:: HOW TO COMPLETE THIS TASK ::
With the pictures omitted, set down exactly the lines from the one that contains "اخبار داخلی-وفادارترین مشتری" through the last line of the data.

########

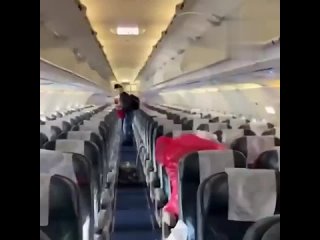 идиот захватил самолет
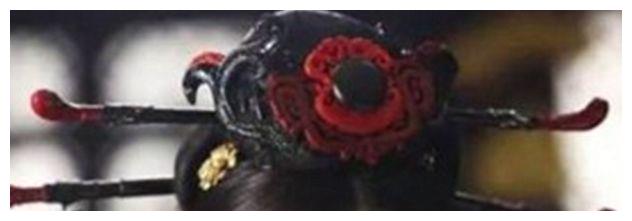 看古装剧头饰猜女主，关晓彤的缝纫机最好认，图五难倒一片人！
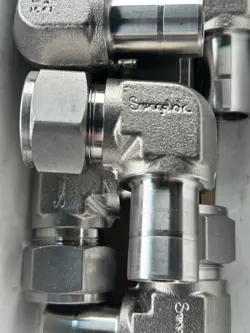 SWAGELOK SS-1210-2R-12  3/4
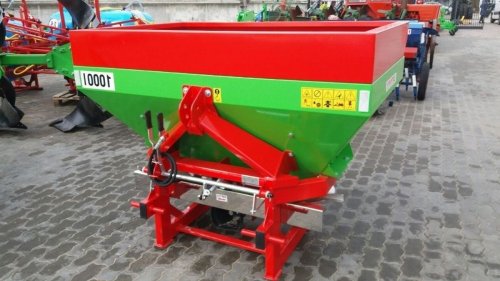 Разбрасыватель удобрений Strumyk 1000 л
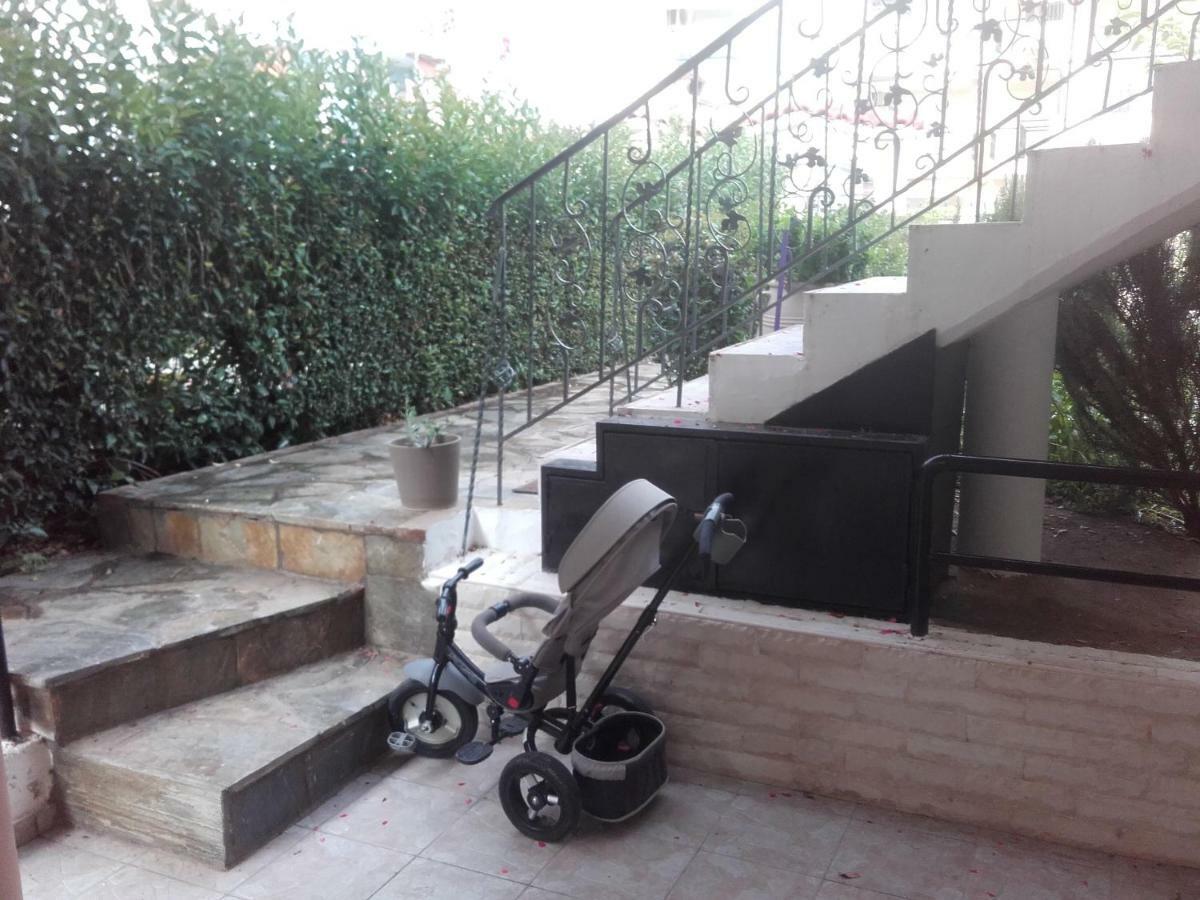 Solmar House Apartment Flogita Bagian luar foto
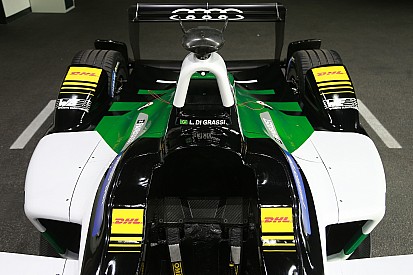 Az F1-Halo miatt csúsznak az új Formula E-autók is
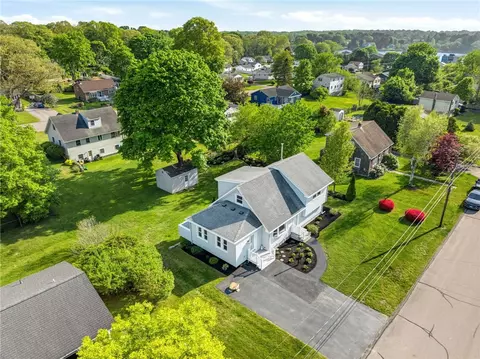 14 Meadow Lark Dr, Westerly, RI 02891 photo 8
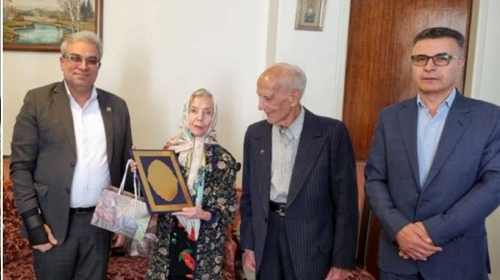 اخبار داخلی-وفادارترین مشتری صنعت بیمه ایران معرفی شد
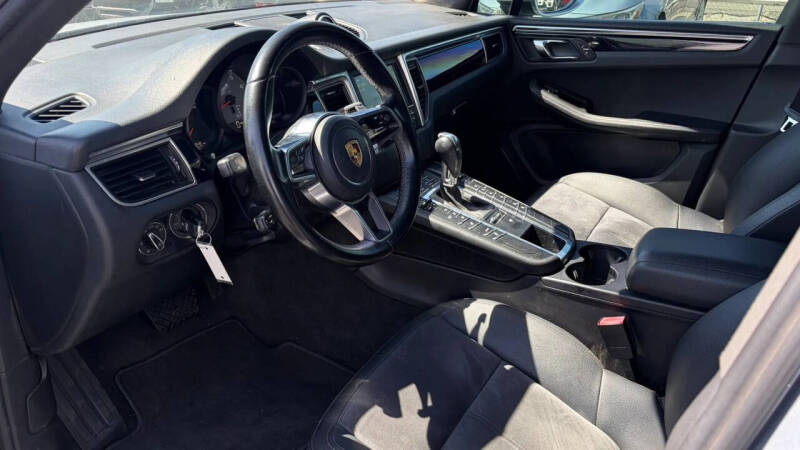 2016 Porsche Macan S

########

:: RESULT OF THIS TASK ::
 اخبار داخلی-وفادارترین مشتری صنعت بیمه ایران معرفی شد
 2016 Porsche Macan S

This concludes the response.